** ACTIVITY **
Stop after the line holding "Sách Bóc Dán". Repeat exactly every line before it in the records below, that line too, and leave out the pictures.

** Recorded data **
======

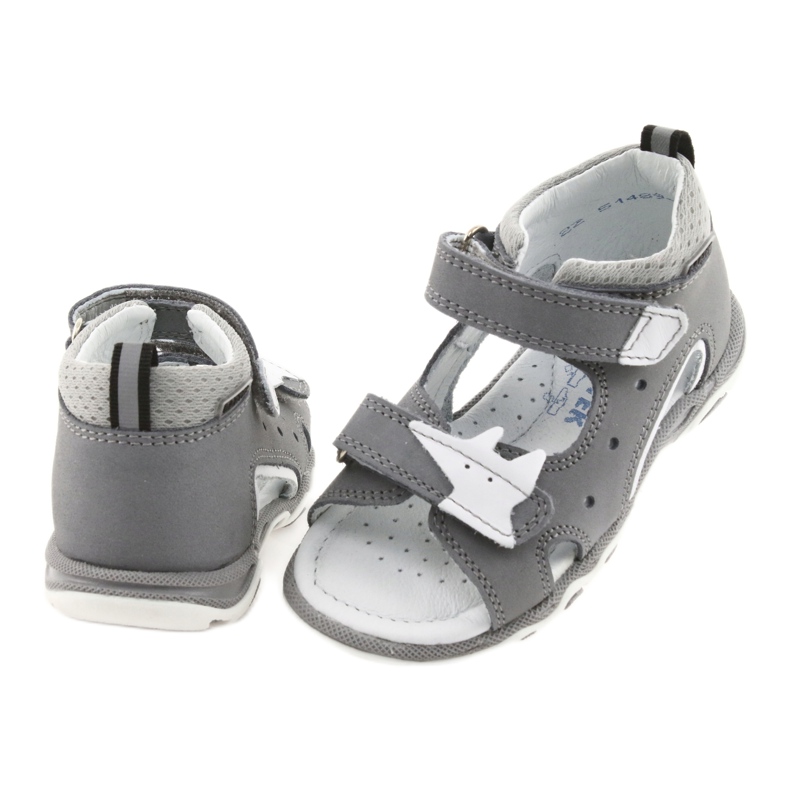 Sandalen Jungen Rüben Bartek 51489 grau weiß 4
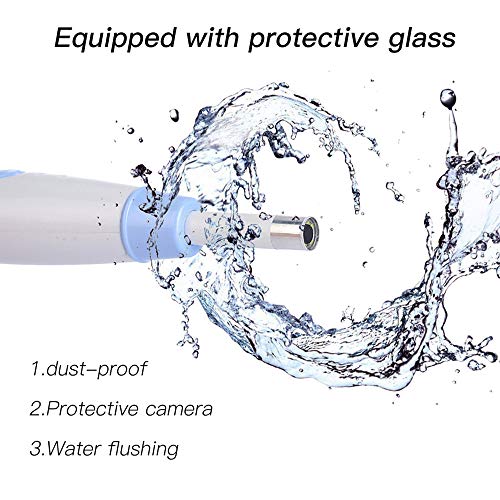 XGLL Endoscopio de Limpieza oídos WiFi, otoscopio Digital oído de 1.0MP HD con 6 Luces LED para iPhone Android, iPad, iOS,Blue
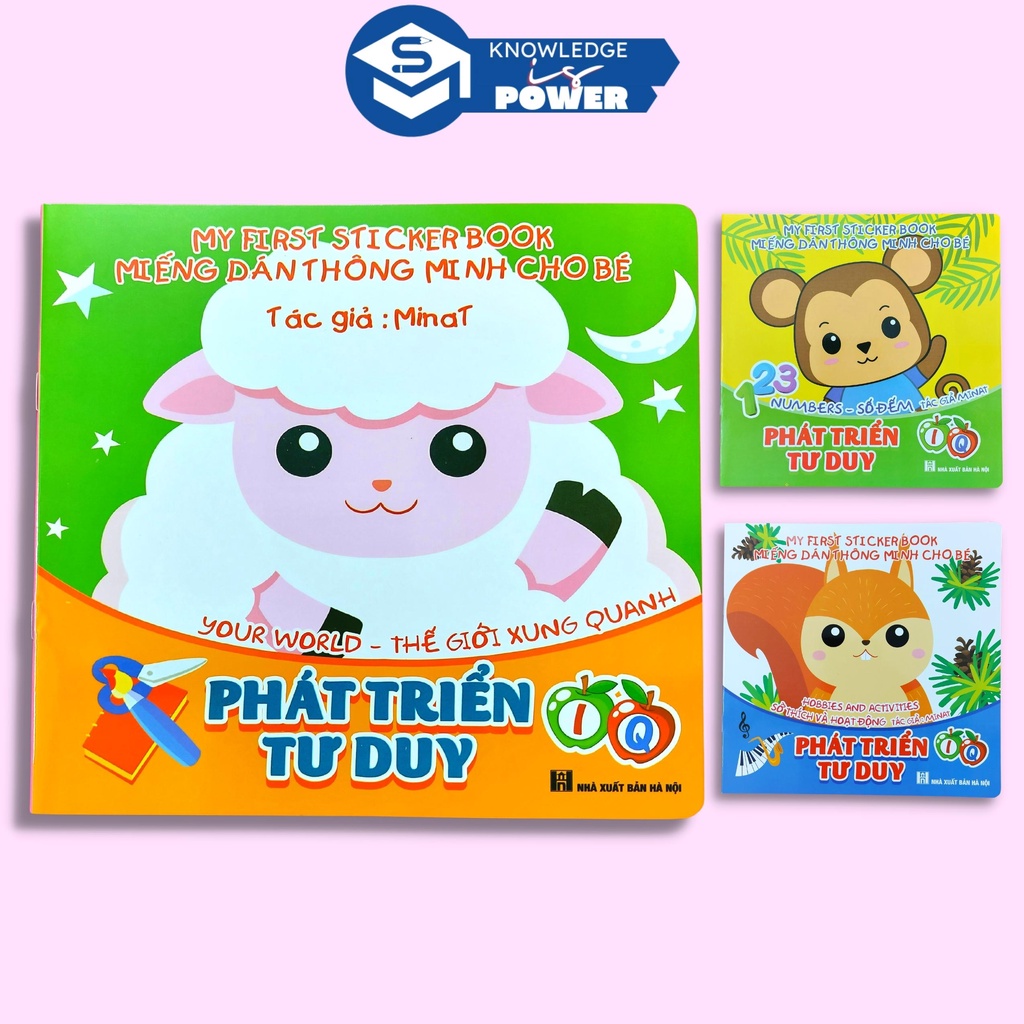 Sách Bóc Dán Thông Minh Cho Bé Phát Triển Tư Duy IQ - My First Sticker Book (Bộ 3 Cuốn, Lẻ Tùy Chọn)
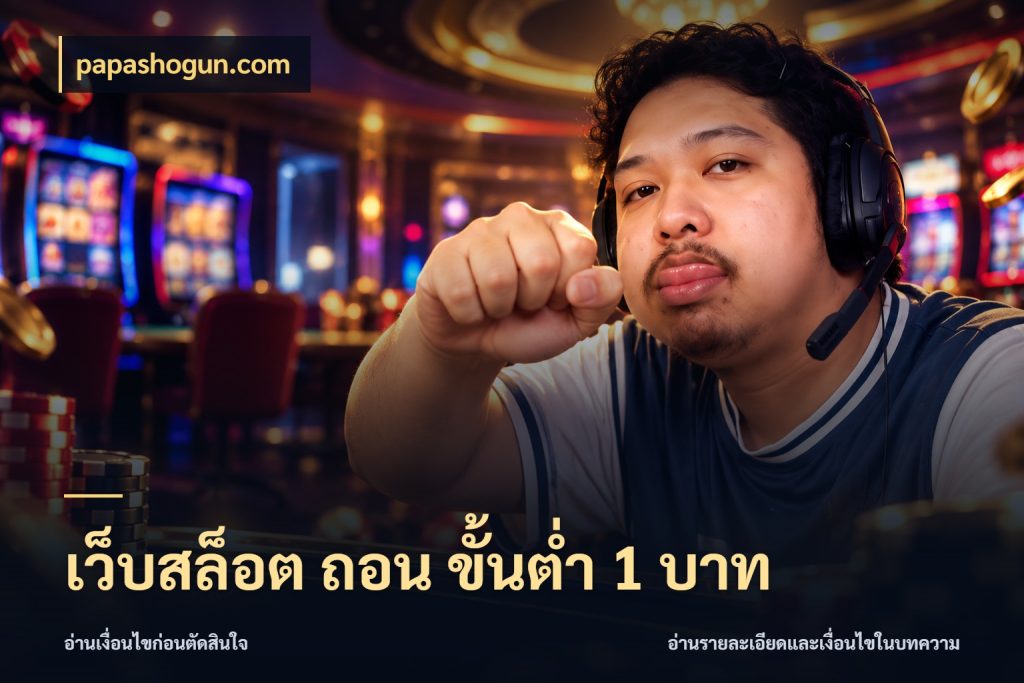 เว็บสล็อต ถอน ขั้นต่ำ 1 บาท papashogun.com ยอดเริ่มต้นน่าจับตากับสิทธิ์ที่เกี่ยวข้อง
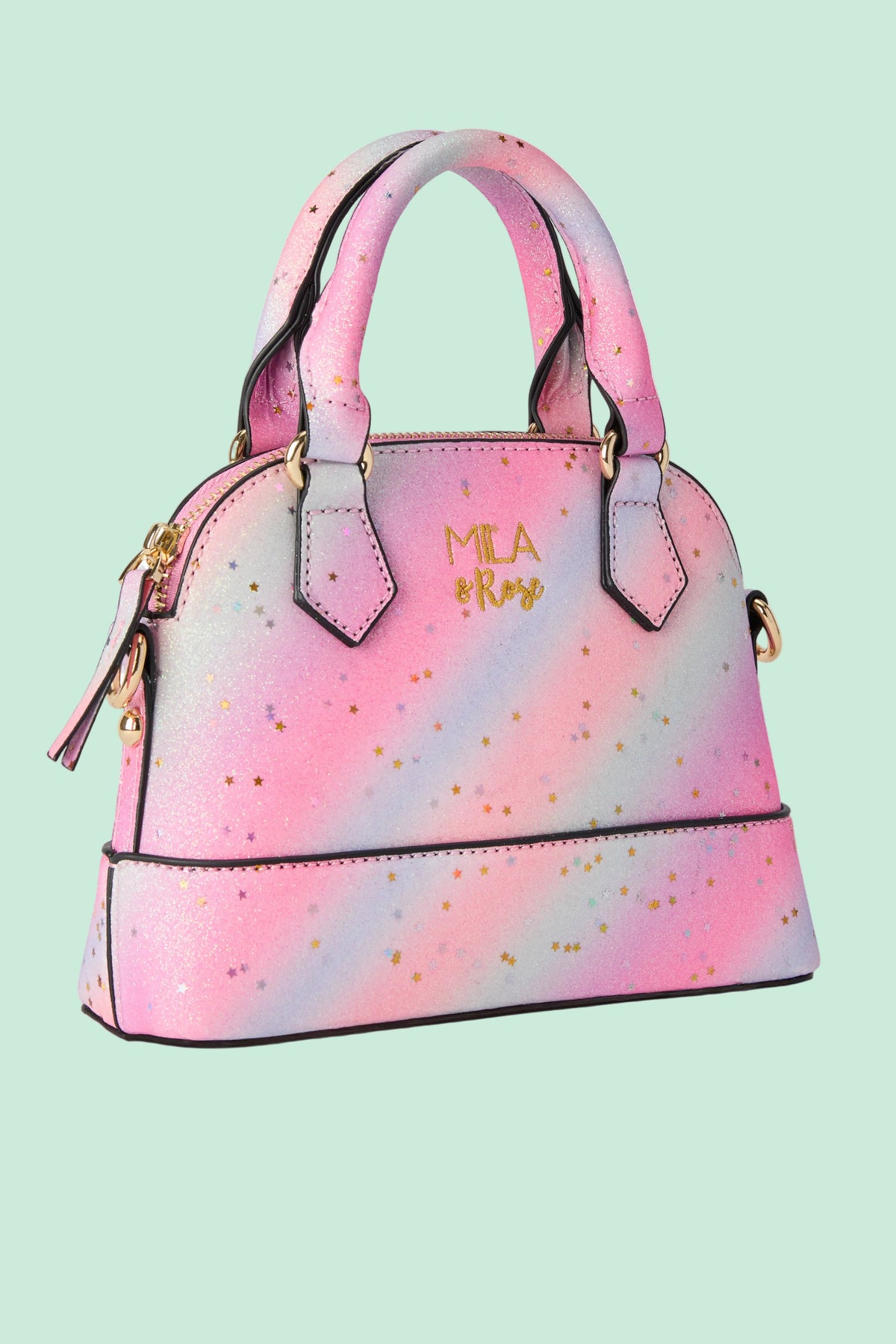 Purse - Princess Glitter Girl's Crossbody Purse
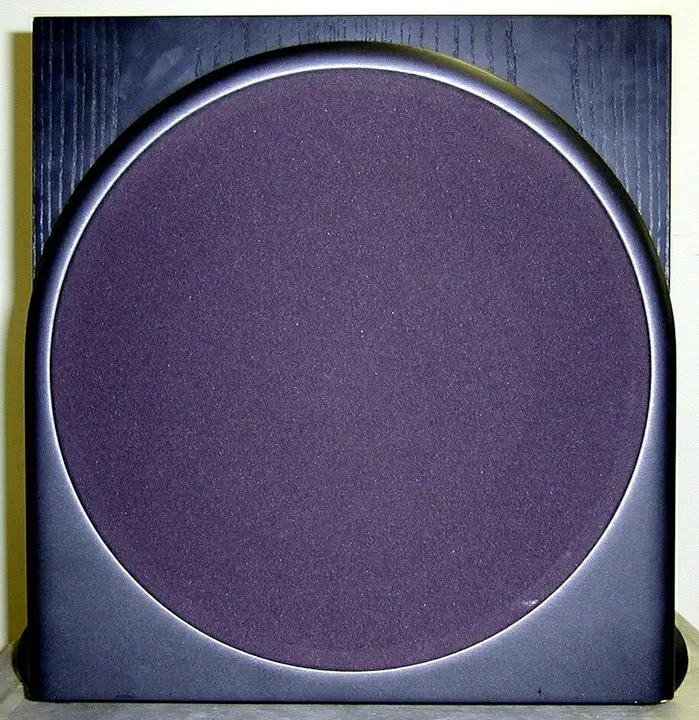 Front of recalled subwoofer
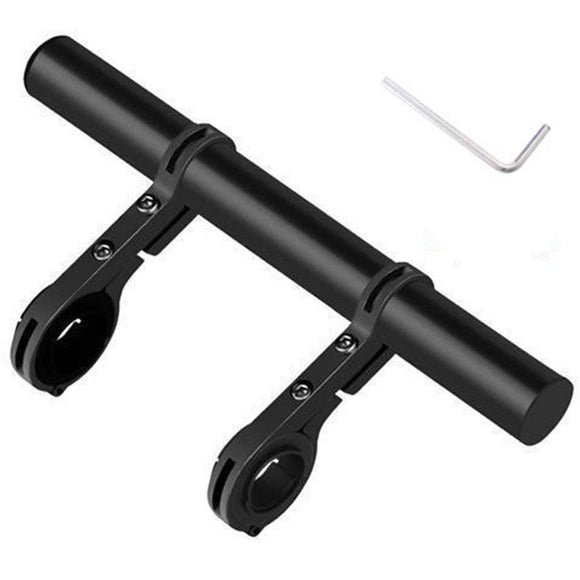 20cm Aluminum Alloy Bicycle Handlebar Extender Mount for Bike Accessories Black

======

** SOLUTION **
 Sandalen Jungen Rüben Bartek 51489 grau weiß 4
 XGLL Endoscopio de Limpieza oídos WiFi, otoscopio Digital oído de 1.0MP HD con 6 Luces LED para iPhone Android, iPad, iOS,Blue
 Sách Bóc Dán Thông Minh Cho Bé Phát Triển Tư Duy IQ - My First Sticker Book (Bộ 3 Cuốn, Lẻ Tùy Chọn)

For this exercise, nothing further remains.